Exact copies of the lines below are the goal; any images in them are dropped.

Items from a data source
^^^^

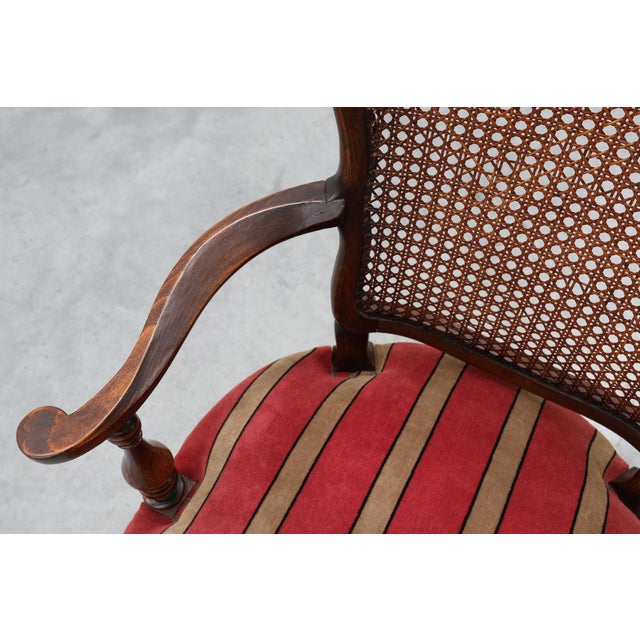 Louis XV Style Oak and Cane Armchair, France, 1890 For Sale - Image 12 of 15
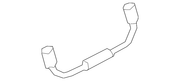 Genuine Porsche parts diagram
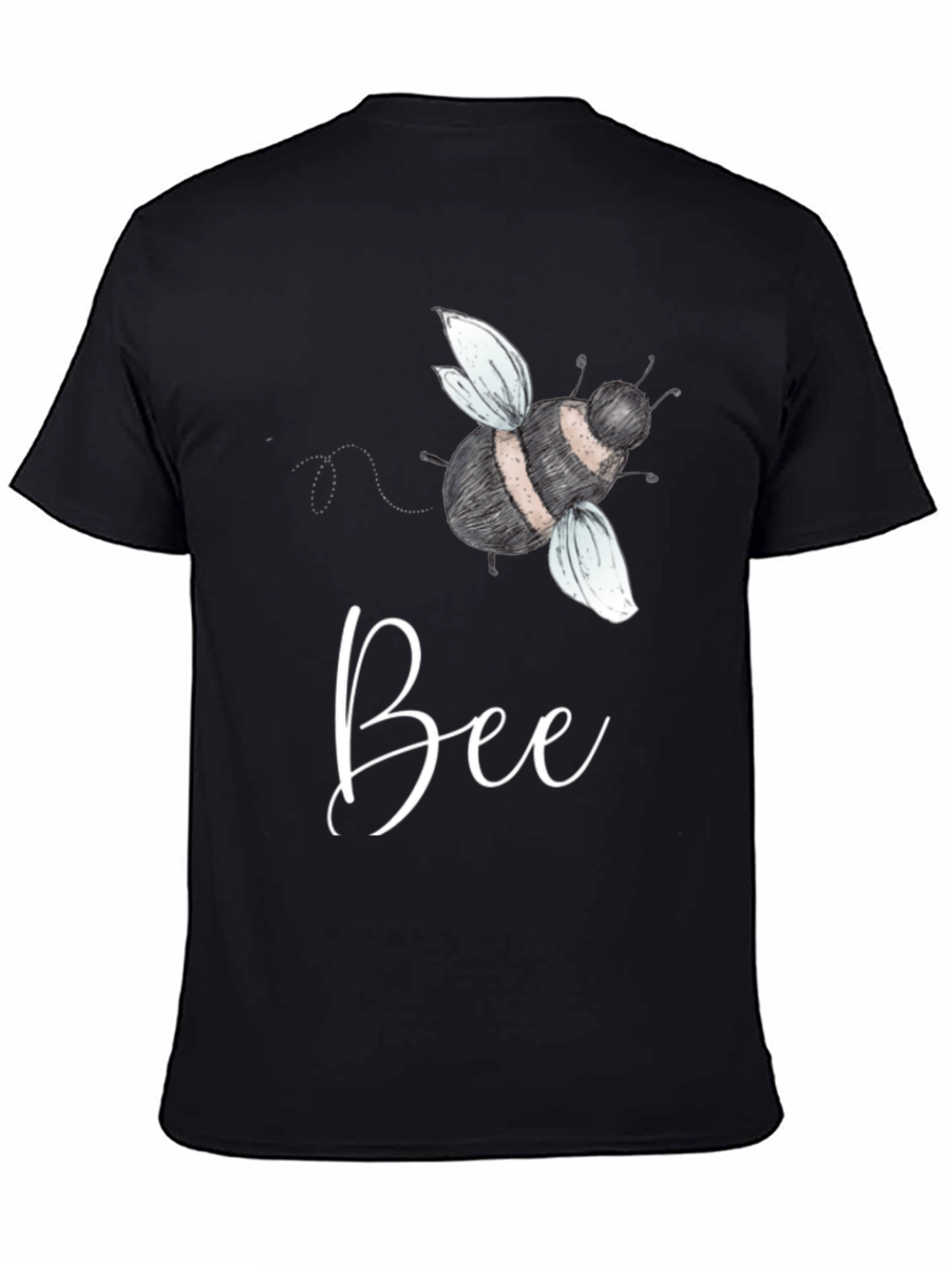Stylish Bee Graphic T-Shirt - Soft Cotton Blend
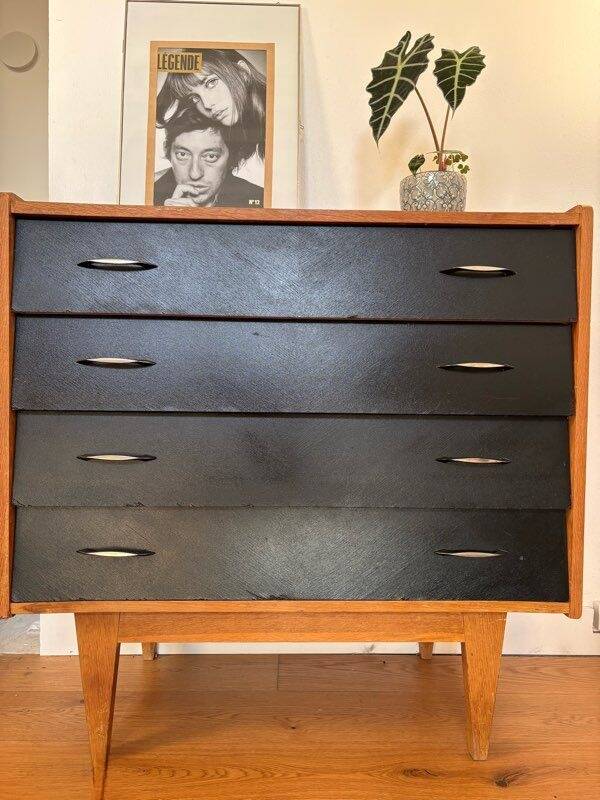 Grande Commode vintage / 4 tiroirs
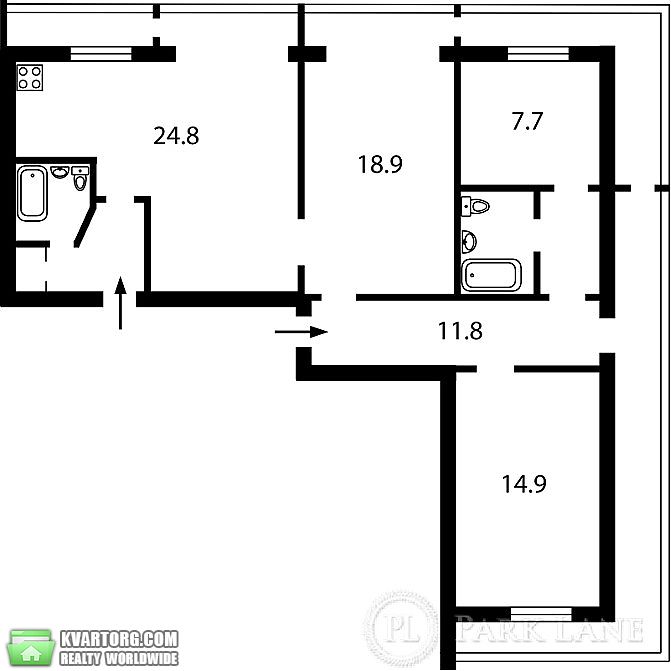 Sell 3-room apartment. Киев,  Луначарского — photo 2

^^^^

**Exercise output:**
 Louis XV Style Oak and Cane Armchair, France, 1890 For Sale - Image 12 of 15
 Genuine Porsche parts diagram
Stylish Bee Graphic T-Shirt - Soft Cotton Blend
 Grande Commode vintage / 4 tiroirs
 Sell 3-room apartment. Киев,  Луначарского — photo 2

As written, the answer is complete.